Image source: https://umi-tools.readthedocs.io/en/latest/the_methods.html
ATAC library analysis
astep1: Barcode extraction
Atac library structure:
Barcode processing:
Same processing method as estep1.
Adapter and reads processing:
In the Atac library, Read1 may contain a fixed sequence at the end, which could include adapter sequences; the end of Read2 may contain the reverse complement of the fixed sequence and adapter sequences. We remove these contaminating sequences, and the length of the trimmed Read1 or Read2 needs to be longer than the set minimum length to ensure sufficient information for accurate alignment to the genome. If the length of Read1 or Read2 after trimming is shorter than the minimum length, we consider this read as an invalid read; if the length of Read1 or Read2 after trimming is greater than 50, we truncate the first 50bp of the Read1 or Read2 sequence; if the length of Read1 or Read2 after trimming is less than 50 but greater than the minimum length, we retain the entire sequence of Read1 or Read2.
estep2: Alignment
Sequence Alignment:
Use bwa mem to align the processed Read1 and Read2 to the reference genome.
astep3: Counting
Use SnapATAC2 v2.8.0 to process the BAM file output from astep2.
- Read the BAM file to obtain ATAC sequencing and mapping metrics.

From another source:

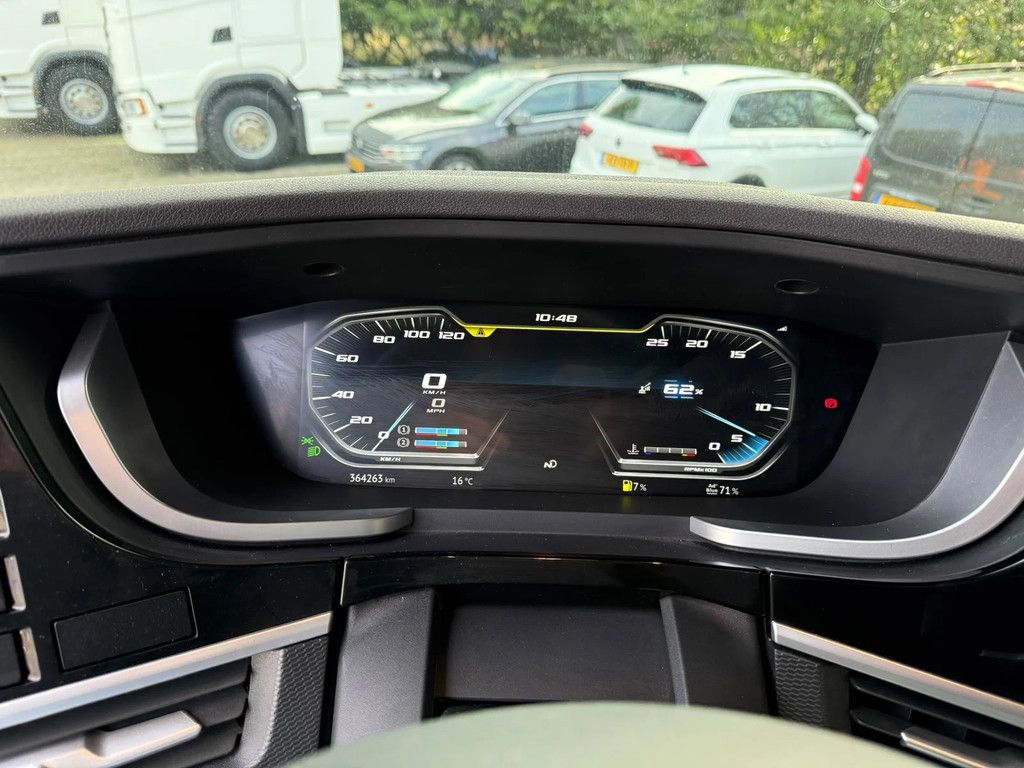 DAF XFn 480 NGS 2x tank 364.243KM LED Lane Assist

- Generate the raw fragments file from the BAM file. Filter out mitochondria fragments to obtain the filtered fragments file.
- Generate an Anndata object from the filtered fragments file.
- Plot the distribution of TSS score.
- Use MACS3 to call peaks, filter duplicate peaks, and output to peaks.bed.
- Generate raw_peaks_bc_matrix dir based on peaks.
- Calculate metrics for each barcode and output to per_barcode_metrics.csv.
- Plot the distribution of insert sizes.
- Cell calling
- Generate filtered_feature_bc_matrix and filtered_peaks_bc_matrix.
- Calculate ATAC library metrics for cells and targeting.
Cell calling
IMPORTANT
If --min_atac_count
and --min_gex_count
are specified:
- Then determine the barcode as a cell if the UMI count is greater than the min_gex_count value and the events count is greater than the min_atac_count value.
If not specified:
- First, retain barcodes where the UMI count is greater than 1 or the events in peaks count is greater than 1.
- Then, filter barcodes where "the fraction of fragments overlapping called peaks" is less than "the fraction of genome in peaks".
- Deduplicates. Filter barcodes with identical UMI values and events in peaks values.
- Perform log10 transformation on the UMI values and events in peaks values of the filtered barcodes.
- Based on the transformed UMI values and events in peaks values, use the KMeans algorithm to divide the barcodes into two clusters. The cluster with the higher mean is identified as cells, while the other is not.
- Map the barcodes filtered out during deduplication to cells or non-cells based on the determination of the remaining barcodes.
astep4: Subsequent analysis
After the above steps, with the obtained cell expression matrix and ATAC matrix, we can proceed to the next stage of analysis.
Use Signac v1.14.0 to merge the cell expression matrix and ATAC matrix into a single Seurat object, Filter out features not in the database, then normalize the expression matrix and ATAC matrix separately, identify highly variable genes, perform dimensionality reduction and clustering, find differential genes, conduct WNN clustering, and finally calculate feature links.
Release notes
v1.0.0
Initial release
- Release of a stable version supporting standardized analysis workflow for ATAC multi-omics data.